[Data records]
►

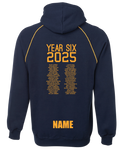 SNPS YEAR 6 Hoodie w/ Name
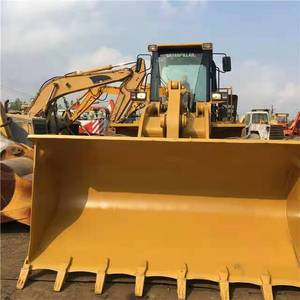Chargeuse sur pneus CAT 966G d'occasion, d'origine japonaise, bien entretenue et en bon état - Product Image 5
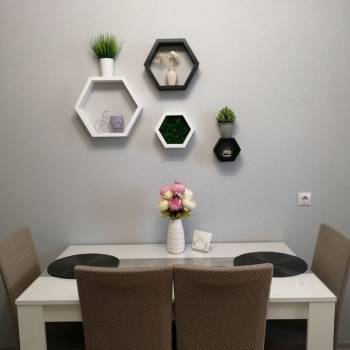 Сдается 2-х комнатная квартира, 52,2 м²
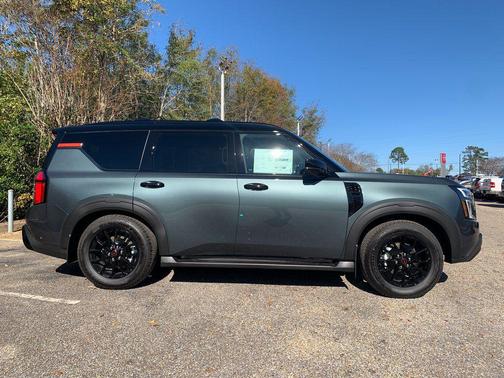 2026 Nissan Armada PRO-4X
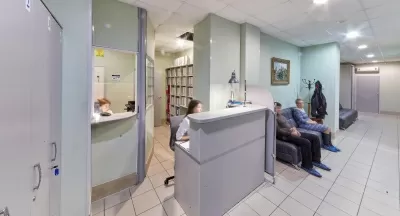 Многопрофильный медицинский центр Лазер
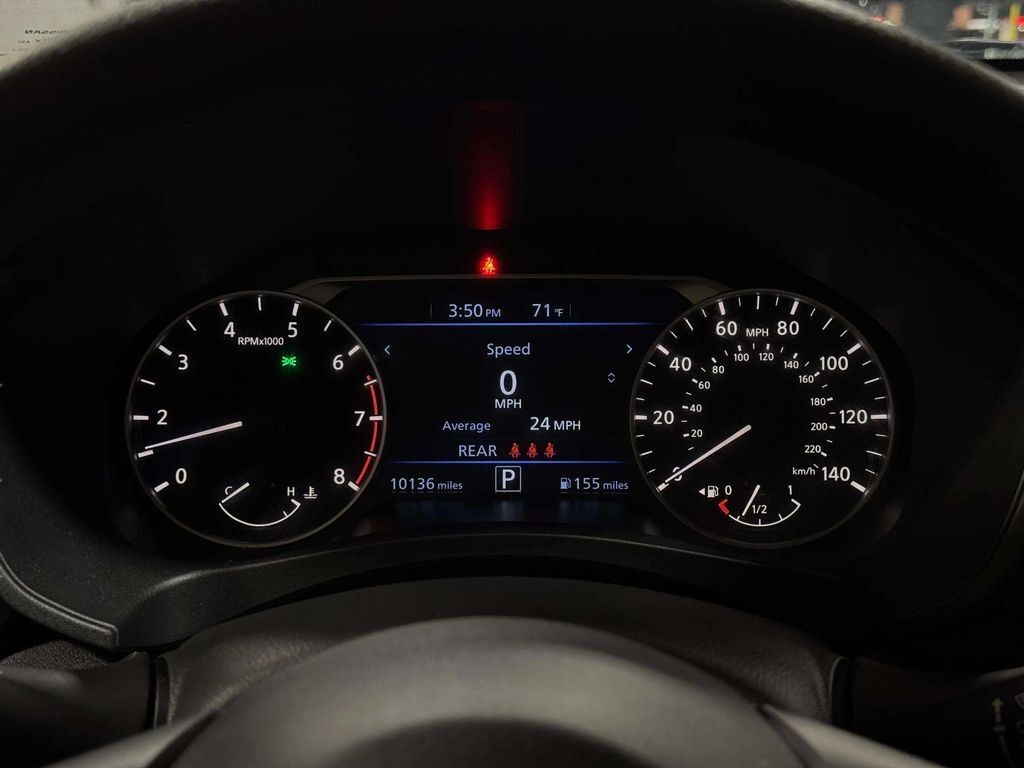 2024 Nissan Altima 2.5 SV San Clemente CA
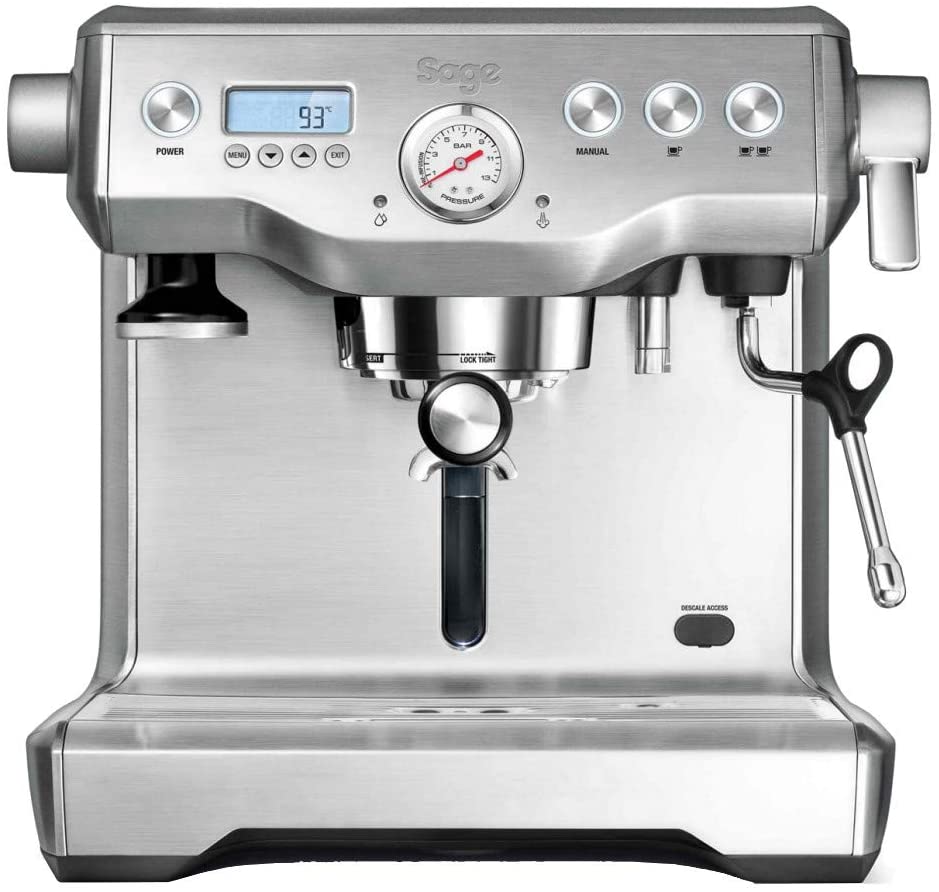 Sage Appliances The Bambino Plus Espresso Machine
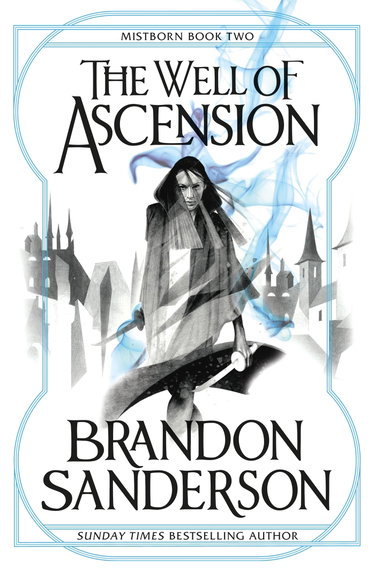 Couverture de The Well of Ascension: Mistborn Book Two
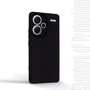 Чохол для телефона ArmorStandart Matte Slim Fit Camera cover Black для Xiaomi Redmi Note 13 Pro+ 5G (ARM71860): Тип накладка на заднюю часть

◄

Your reply should hold only the lines from the one that contains "Couverture de The" through the last line of the records above, exact and complete, and no pictures.

EXERCISE RESPONSE
 Couverture de The Well of Ascension: Mistborn Book Two
 Чохол для телефона ArmorStandart Matte Slim Fit Camera cover Black для Xiaomi Redmi Note 13 Pro+ 5G (ARM71860): Тип накладка на заднюю часть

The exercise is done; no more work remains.